The Attempt at a Solution

I haven't done any math for 3 years so bear with me I'm not even sure how to begin answering this question, and don't worry I don't even care about the actual answer I just want to find out how to get it.

 

[Mark44]

Homework Statement

Which of the following points is a point of intersection of the graphs
f(x)=x^2+35 and g(x)=12x?

multiple choice

-(0,35)

-(9,35)

-(1,12)

-(5,60)

-(9,60)

- none of the above

Homework Equations

The Attempt at a Solution

I haven't done any math for 3 years so bear with me I'm not even sure how to begin answering this question, and don't worry I don't even care about the actual answer I just want to find out how to get it.

Set the two functions equal.
x² + 35 = 12x

Solve the resulting quadratic equation.

There are two points of intersection, one of which is listed.

 

[davie08]

okay so you would substitute 5 for x and end up with 60. So would that make the answer (5,60). If this is the answer how does that work where the number your substituting is the first number of the intersection.

 

[Mark44]

When you set x² + 35 = 12x, you are setting the y values of the two functions equal, and solving for x. At any point of intersection, there is a point (x, y) that is on both graphs.

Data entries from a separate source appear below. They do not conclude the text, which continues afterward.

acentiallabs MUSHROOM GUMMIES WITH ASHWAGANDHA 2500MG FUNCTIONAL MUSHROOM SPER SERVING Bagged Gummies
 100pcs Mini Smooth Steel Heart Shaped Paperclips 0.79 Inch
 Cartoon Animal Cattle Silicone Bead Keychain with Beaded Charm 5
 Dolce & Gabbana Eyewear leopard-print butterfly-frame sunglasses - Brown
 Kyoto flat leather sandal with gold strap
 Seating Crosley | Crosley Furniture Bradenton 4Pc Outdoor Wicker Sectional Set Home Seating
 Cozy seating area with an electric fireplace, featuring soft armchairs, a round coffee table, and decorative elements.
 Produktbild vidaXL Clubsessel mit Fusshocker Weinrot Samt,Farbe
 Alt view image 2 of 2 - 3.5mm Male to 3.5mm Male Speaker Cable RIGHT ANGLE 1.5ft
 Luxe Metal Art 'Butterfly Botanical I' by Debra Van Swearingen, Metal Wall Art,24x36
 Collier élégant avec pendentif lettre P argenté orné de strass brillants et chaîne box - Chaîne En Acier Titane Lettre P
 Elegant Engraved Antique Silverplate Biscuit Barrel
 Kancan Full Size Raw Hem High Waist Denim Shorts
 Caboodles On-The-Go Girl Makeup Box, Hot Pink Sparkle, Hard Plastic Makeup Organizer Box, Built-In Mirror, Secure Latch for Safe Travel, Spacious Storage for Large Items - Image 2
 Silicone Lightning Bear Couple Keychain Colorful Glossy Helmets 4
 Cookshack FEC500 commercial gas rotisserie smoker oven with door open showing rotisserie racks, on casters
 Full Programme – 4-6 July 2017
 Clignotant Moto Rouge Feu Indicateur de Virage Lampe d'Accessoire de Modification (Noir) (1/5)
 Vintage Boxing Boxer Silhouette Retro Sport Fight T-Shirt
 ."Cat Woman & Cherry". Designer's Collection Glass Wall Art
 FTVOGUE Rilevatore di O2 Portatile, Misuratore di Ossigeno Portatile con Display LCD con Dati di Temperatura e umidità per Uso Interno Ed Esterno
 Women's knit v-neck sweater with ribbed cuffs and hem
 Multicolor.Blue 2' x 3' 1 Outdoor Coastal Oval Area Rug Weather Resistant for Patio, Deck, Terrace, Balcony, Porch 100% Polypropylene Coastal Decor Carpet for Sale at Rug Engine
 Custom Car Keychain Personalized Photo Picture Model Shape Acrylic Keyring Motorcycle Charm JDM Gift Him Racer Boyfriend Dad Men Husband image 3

Solving the quadratic, you get x = 5 or x = 7. f(5) = g(5) = 60, the y value at the intersection point (5, 60). f(7) = g(7) = 84, so the other point is (7, 84), which isn't listed.

 

[davie08]

thanks again luckily I am taking a math readiness course in a couple weeks I only know a 1/4 of these questions.

 

[SteveL27]

Homework Statement

Which of the following points is a point of intersection of the graphs
f(x)=x^2+35 and g(x)=12x?

multiple choice

-(0,35)

-(9,35)

-(1,12)

-(5,60)

-(9,60)

- none of the above

The other responders gave you the general method, but in this particular case we can just eyeball it and get the answer.

The question is asking, which of those points can be a point on the graph of BOTH of those functions. g(x) = 12x is particularly simple to work with, and you can see that if you plug in 0, you get 0; if you plug in 9, you get 108, and so forth. Mentally testing out each of the points, we see that only (1,12) and (5,60) are on the graph of g(x) = 12x. So those two are the only possibilities.

Now looking at f(x)=x^2+35, if we plug in 1 we get 36, so (1,12) is impossible. And if we plug in 5, we get 5*5 + 35 = 60. Voila!

The moral of the story is that it's important to know the general method: set the two functions equal and solve the resulting quadratic. But it's equally important -- really, MORE important -- to always take a moment to stop and think about the meaning of the question, and see if you can get a sense of what's going on without putting pencil to paper. This particular problem happens to be solvable by just looking at it and thinking about what the question means.

 

[davie08]

thanks steve you I realize that because it makes a question so much easier when you truly understand what it means verse just memorizing the methods to find that answer.